## Exercise aim
There should be no pictures in your answer, only an exact copy of the lines from the one with "PleinAir Salon Spotlight: Raging" through the end of the material.

## Provided data
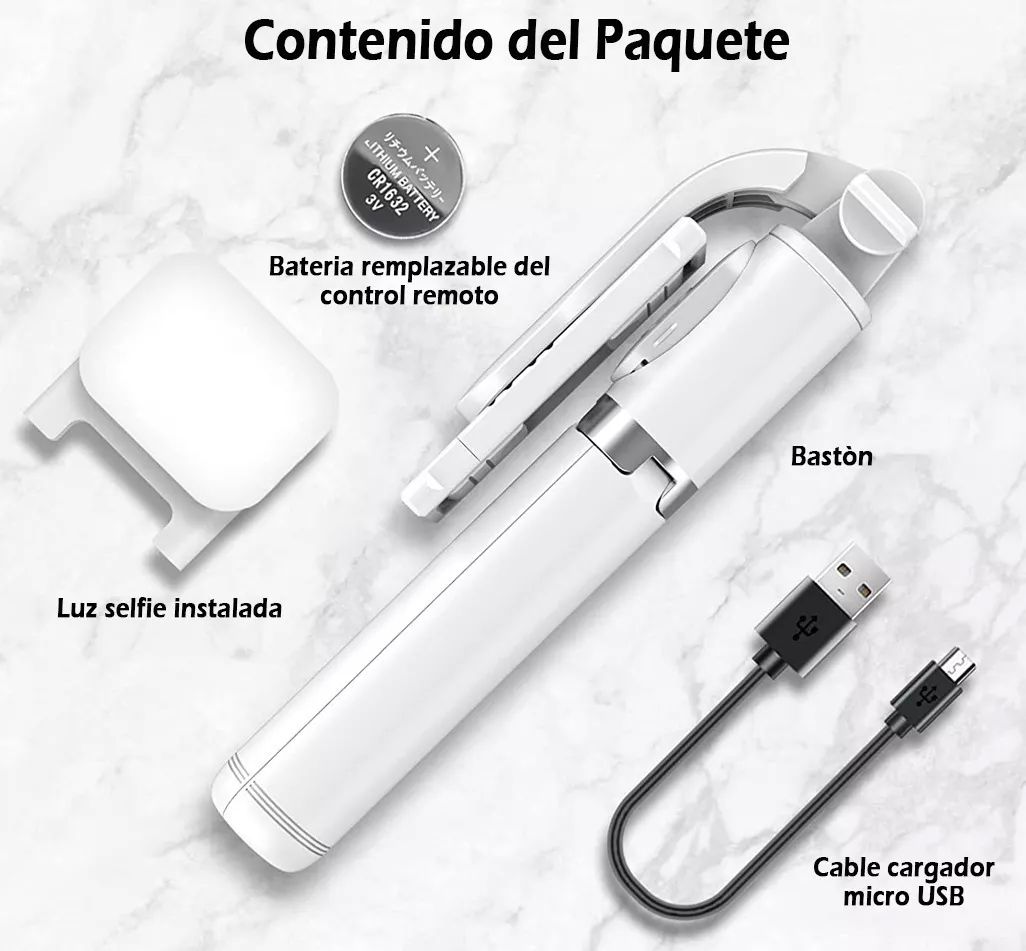 Palo Selfie Trípode Bluetooth Selfie Stick Control Remoto Blanco.
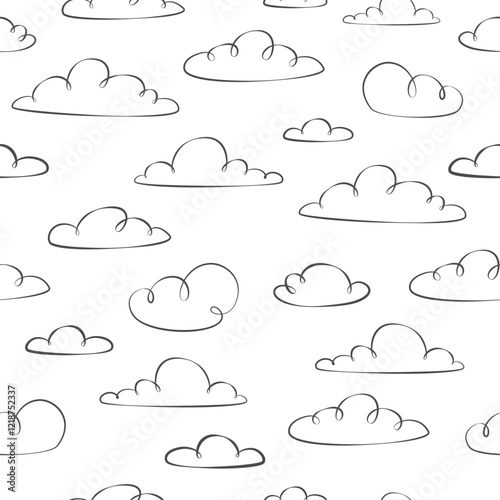Clouds seamless pattern. Outline clouds in the sky.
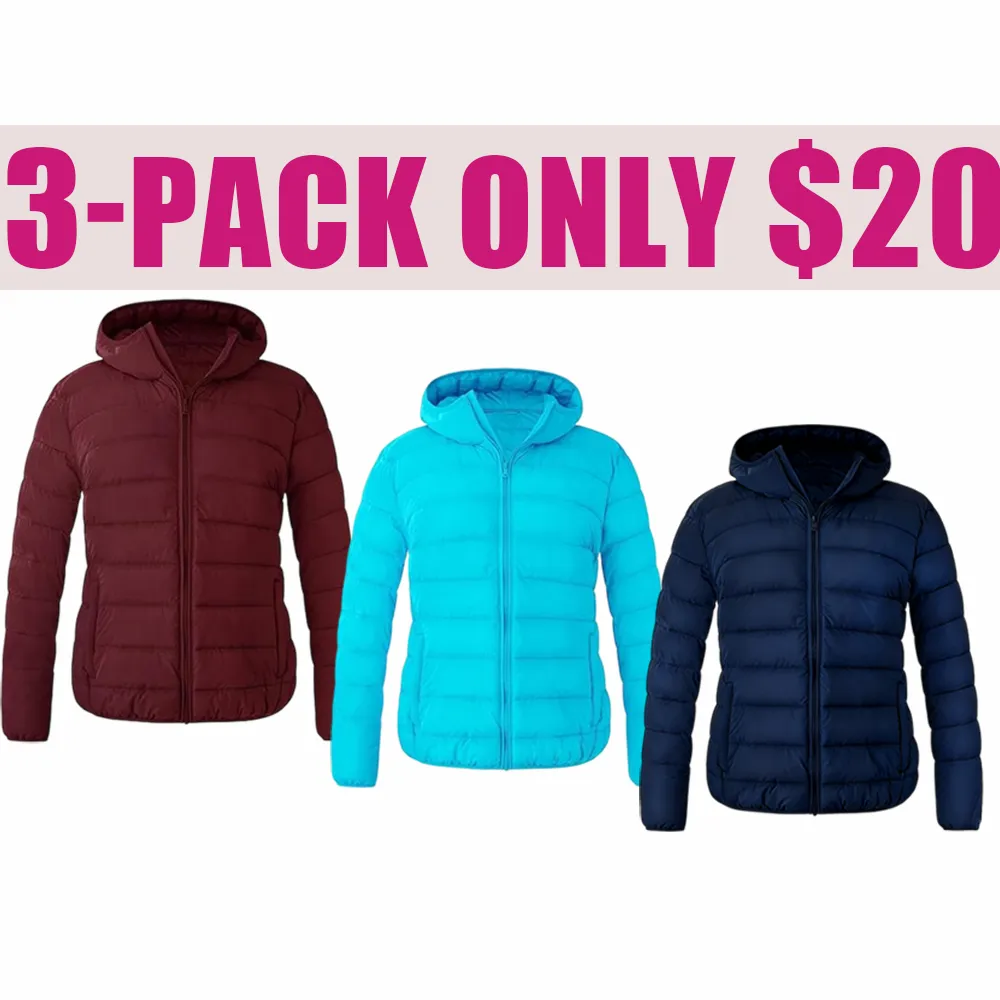 Women's Plus Size Packable Hooded Lightweight Puffer Jacket (Winter/Christmas Gift)
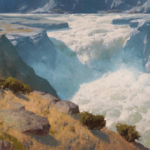 PleinAir Salon Spotlight: Raging Spring Kimball Geisler, “Raging Spring,” oil, 45 x 72 in., PleinAir Salon August 2022 First Place Overall winner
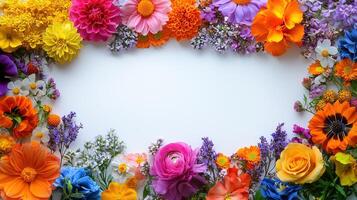 Colorful floral frame with various flowers on a white background photo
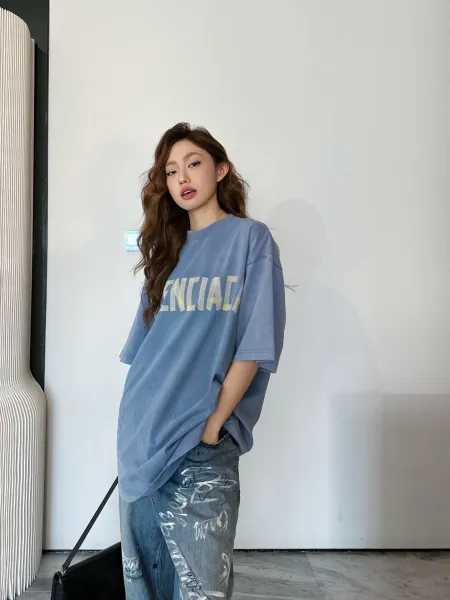 Balenciaga Logo Print Off-White T-Shirt - 68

## Solved exercise
 PleinAir Salon Spotlight: Raging Spring Kimball Geisler, “Raging Spring,” oil, 45 x 72 in., PleinAir Salon August 2022 First Place Overall winner
 Colorful floral frame with various flowers on a white background photo
 Balenciaga Logo Print Off-White T-Shirt - 68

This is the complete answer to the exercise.